Lalu beramai-ramai merencanakan niat pamrih atas tugas maupun
tanggungjawab sehingga tak tahu malu lagi merampok/memeras/mencuri yang
tidak haknya (bukan penguasaan diri dan bukan kemurahan hati), sewenang-wenang menindas yang lemah (bukan kebaikan) dan menjadi raja tega menyakiti sesama atau orang-orang disekitarnya (bukan sukacita).
Oleh sebab itu, semenjak dini, bila saja kita masih mau jujur mengamati sekeliling, maka makna Natal yang jatuh pada hari Selasa 25 Desember 2012 wajib diterjemahkan sakral oleh umat Nasrani Indonesia secara khusus dan masyarakat Indonesia/penduduk dunia secara umum (non Kristiani). Hal itu menjadi penting mengingat makna Natal berimplikasi pada kelahiran kemauan belajar dari diri sendiri untuk selanjutnya memancarkan positive side effect (rangsangan positif) terhadap kehidupan lain. Setiap manusia yang masih bernafas saat ini sebenarnya akan benar-benar hidup bila mau belajar seperti cara-cara yang diajarkan Yesus Kristus. Kendati kita lahir/bangkit tidak dari kematian seperti yang dialami Yesus Kristus, tapi setidaknya kita mau mencoba (belajar) bangkit berdasar performance perilaku, kewajiban hidup dan tanggungjawab sehari-hari melalui 9 sikap kasih yang universal. Semua dapat dimaksimalkan dalam kebersamaan melawan persoalan dunia semisal kesombongan, ketidakadilan, penjajahan, kekerasan, kejahatan, kemunafikan, kemiskinan, perampasan hak, perusakan keutuhanciptaan, korupsi dan sejenisnya.

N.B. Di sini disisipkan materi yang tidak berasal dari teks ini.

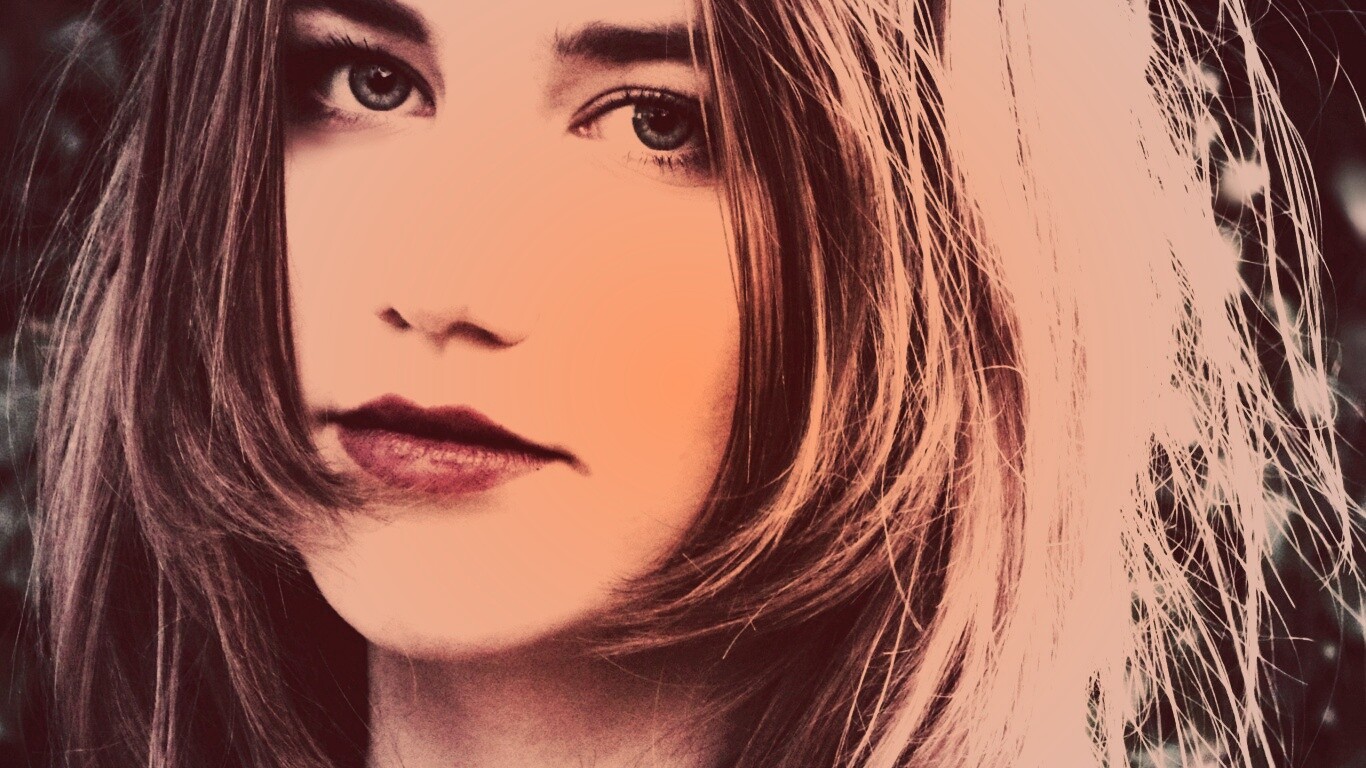 Взгляд голубоглазой девушки обои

Akhirnya saya mau mengatakan, belajar mengasihi tidak perlu diartikan sempit karena tidak ada hukum positif, hukum agama, hukum adat atau hukum internasional yang menentang itu. Sangat mungkin diaktualisasikan oleh siapa saja dari lingkukan terkecil seperti di rumah sendiri. Kita bisa mulai belajar membawa bekas gelas minuman ke bak pencucian atau menutup pagar rumah tanpa selalu menunggu anak, istri atau memerintah pembantu yang telah lelah satu harian (kebaikan). Sederhana sekali kalau kita mau. Saya juga mau memastikan, belajar mengasihi bukan pula hal yang sulit. Berinisiatif memberi sedekah pengemis di pinggir jalan atau merencanakan pemberian derma terhadap anak yatim piatu pun kita sudah menaburkan kasih (kemurahan hati). Tidak masalah apakah banyak atau sedikit yang bisa kita bagikan. Terakhir saya juga mau mengingatkan, belajar mengasihi jangan pernah dibayangkan rumit. Dengan sikap tidak membeda-bedakan, mempersulit keadaan apalagi meminta duit masyarakat yang mengurus KTP/administrasi kependudukan, maka selaku aparat pemerintah Anda sudah menampilkan wujud kasih tanpa pamrih yang tidak diskriminatif (kesetiaan dan penguasaan diri). Sudah saatnya kita semua termasuk saya untuk belajar mengasihi sesama tanpa diskriminasi. Tak terkecuali apakah Anda seorang masyarakat, aparat, birokrat, pejabat, konglomerat atau penjahat sekalipun. Mari mengasihi kemajemukan umat manusia tanpa melihat latar belakang suku, agama, ras, warna kulit, golongan atau status apapun. Selamat Natal 25 Desember 2012, peace on earth and God Bless Indonesia..!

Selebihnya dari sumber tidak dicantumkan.